Бледный мужчина резко подался вперед.

– Какие друзья? У тебя есть новости от Зиллаха?

Дух отпрянул назад.

– Нет… я имею в виду… я знаю только, что кто-то едет сюда… то есть у меня чувство, что кто-то приедет за вами и вас заберет. Или, может быть, вы тут живете поблизости… – Он замолчал, опасаясь сказать что-то не то. Ему редко когда приходилось оправдываться за свое знание. Не всем людям нравится, когда ты заглядываешь им в душу, – как-то сказала ему бабушка, когда он был еще совсем юным. – Так что заглядывай, если так будет нужно, но держи рот на замке. Бабушка умерла шесть лет назад, и с тех пор Дух говорил о подобных вещах только со Стивом и больше ни с кем. Но иногда какое-то знание просто всплывало у него в голове, и он высказывал эту мысль вслух еще до того, как успевал понять, что именно он говорит. Едва он почувствовал эту страшную пустоту, которой исходил цветочник в черном, он уже знал, что его друзья где-то близко и уже очень скоро он с ними встретится. Ему было страшно даже задуматься, что это могут быть за друзья – может, воскресшие близнецы из его сна или еще того хуже, – но он должен был высказать то, что сказал. Ему очень хотелось, чтобы эти холодные глаза стали хоть чуточку теплее.

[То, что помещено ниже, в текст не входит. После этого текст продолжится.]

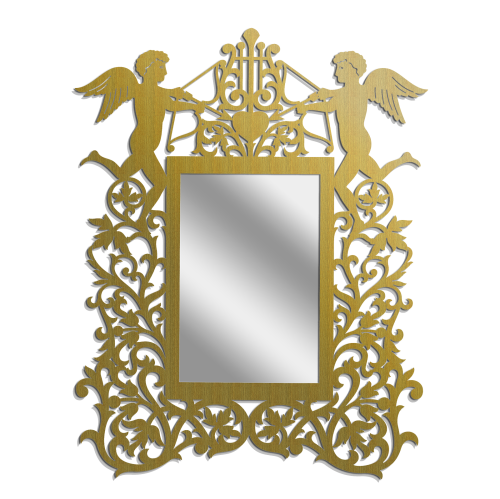 AŻUROWE LUSTRO DEKORACYJNE, ANGELS, VINTAGE STYLE 52 x 65 cm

Но когда они зажглись жадным огнем, Духу вдруг стало страшно. Его захватила глупая паника, которая настойчиво билась в сознании, как мотылек бьется в стекло, – ему захотелось спрятаться и ничего не знать. Ничего не видеть. Что-то должно случиться, – подумал он. – Что-то очень плохое. И это уже началось.

– Ты их не знаешь, – безо всякого выражения произнес цветочник.

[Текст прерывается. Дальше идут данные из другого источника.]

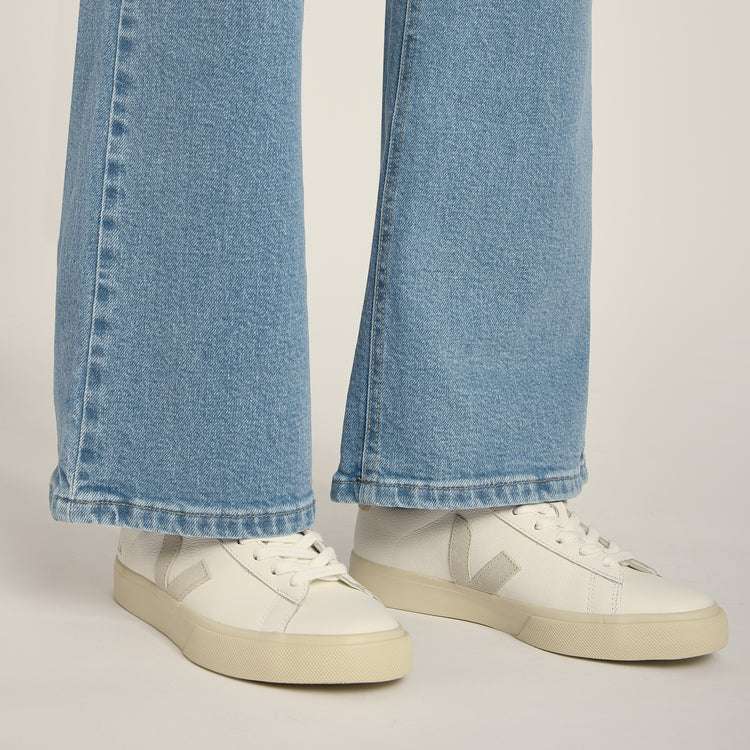 Women wearing Light Blue High Rise Wide Leg Hubert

Теперь Духу было уже не страшно. Теперь он чувствовал только кошмарное одиночество этого человека – даже, вернее, не чувствовал, а сопереживал. Он был таким же пустым, как фонарь из выдолбленной тыквы. А если бы тебя никто не любил? А если бы ты был совсем один?

– Простите, мне очень жаль, – пробормотал Дух. Цветочник перегнулся через дощатый прилавок. Он встретился взглядом с Духом и облизал свои бледные губы. Его тонкие руки дрожали. Потом он взглянул на луну, выпрямился в полный рост и сцепил пальцы в замок.

– Уезжай, – сказал он.

– Что?…

– Я говорю, уезжай. – Теперь его холодные глаза горели лихорадочным блеском отчаяния. Голодным блеском отчаяния. – Уезжай, если хочешь жить.

Небо уже потемнело. В сгустившемся сумраке лицо цветочника стало каким-то хищным – его черты заострились. Он издал невнятный глухой звук, исполненный все того же изголодавшегося отчаяния. Впечатление было такое, что он сейчас просто своротит прилавок и накинется на Духа, как дикий зверь. Но Дух уже несся прочь, что есть мочи крутя педали и придерживая одной рукой шляпу, чтобы она не слетела. Через пару минут он остановился и оглянулся через плечо. Но деревянный прилавок и фигура цветочника – если он еще был там – уже растворились в темноте.